Agent advanced settings

AI tool calling

Tool calling is only available if the response format is set to text.

Providing tools to the agent gives it the capability to perform actions. Internally, the agent decides at every step, whether to produce output or to call a tool. If it calls a tool, it generates tool parameters.

Learn more about how to configure tools in the section about AI Tools.

You can configure the agent to be able to call multiple tools in the same completion step, and configure how many tools calls it may perform at maximum.

Whether tools are called correctly and with fitting parameters may depend on the LLM used. Modern LLMs are fine-tuned to be good at calling tools.

Vector sources

LLMs are trained to generate plausible text to complete a prompt. While many advances in training these models have been made, there is no general guarantee that the model provides not only plausible, but also factually correct completions.

To improve this, you can provide extra knowledge to the LLM within its "context window".

You can provide contextual knowledge to the agent with semantic search by selecting vector-enabled tables as a context source. If you do this, for every user message to the agent, a similarity search with the user query is performed in the selected tables.

Configure the Max. number of supplied contexts and the Similarity Threshold so that it works for your use case.

The similarity measure is not necessarily calibrated. This means, that depending on the embedding model used, a similarity score of 0.47 could be a good match or a completely unrelated context.
Test your dataset with queries and see which similarity threshold is suitable for your specific case.

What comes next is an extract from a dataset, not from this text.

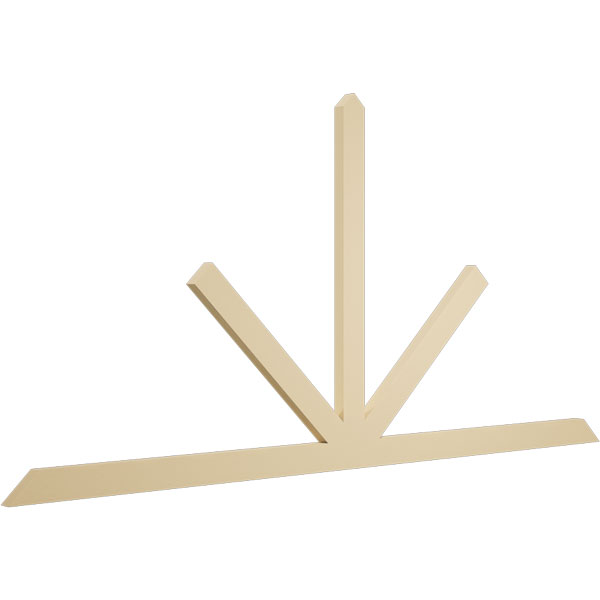 Ekena Millwork GBS108X54X0204SAR00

Model and other configurations

JSON Schema

Structured Output configuration is only available if the response format is set to json_schema.

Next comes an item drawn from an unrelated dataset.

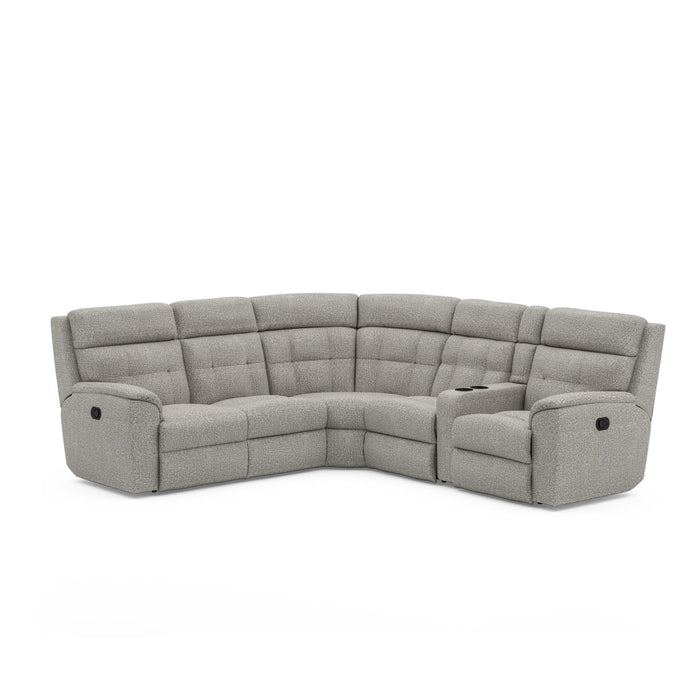 Mason Fabric Reclining Sectional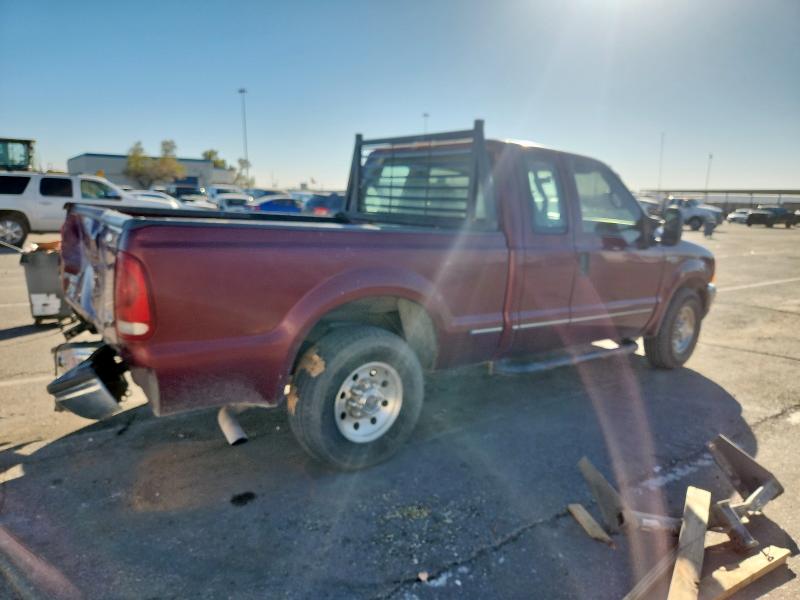 Photo 3 from auction – 1999 FORD F250 with VIN 1FTNX20L8XED52683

When using the json_schema output, you can define the schema which the LLM should provide as output. Open the editor by clicking the value help on the JSON schema and configure the schema either via text or via visual editor.

Temperature

The temperature controls the "creativity" of the output. The lower the temperature, the more "expected" the output is. Use a low temperature for tasks like classification. Using a low temperature may lead to the model repeating itself or the context.

The higher the temperature, the more "creative" and unexpected the results are. Use a higher temperature if your task is akin to creative writing.

Daily user token rate

Set the daily user token rate to limit how many tokens a user can consume per day. Useful if you want to limit the usage of your agent to guard against unexpected costs.

Hide log content

When selected, input and output of the agent is visible on the Agent Trace tool, only metadata is retained.

Last N-Messages

Configure how many of the "old" messages in a thread are resent to the LLM when generating a new response. Use a low number to save token costs, use a higher number to give the LLM more context of the conversation.

Pre-processing script

You can add a custom preprocessing script that runs at agent invocation. When you add a pre-script, the pre-script receives the following data in the variable payload:

{
    userInfo: User, // the user object from the request
    query: string, // the request from the user
    messages: Array<Message>, // the previous messages of the chat
    variables: Record<string, any>, // the variables
    threadID: string, // the thread ID
    agentConfig: {
        model: string, // the model uuid
        temperature: number, // the temperature
        tools: ai_tool[], // the AI tools configured for the agent
    },
}

In the script, assign output of type string to the variable result. This result is appended to the system instruction.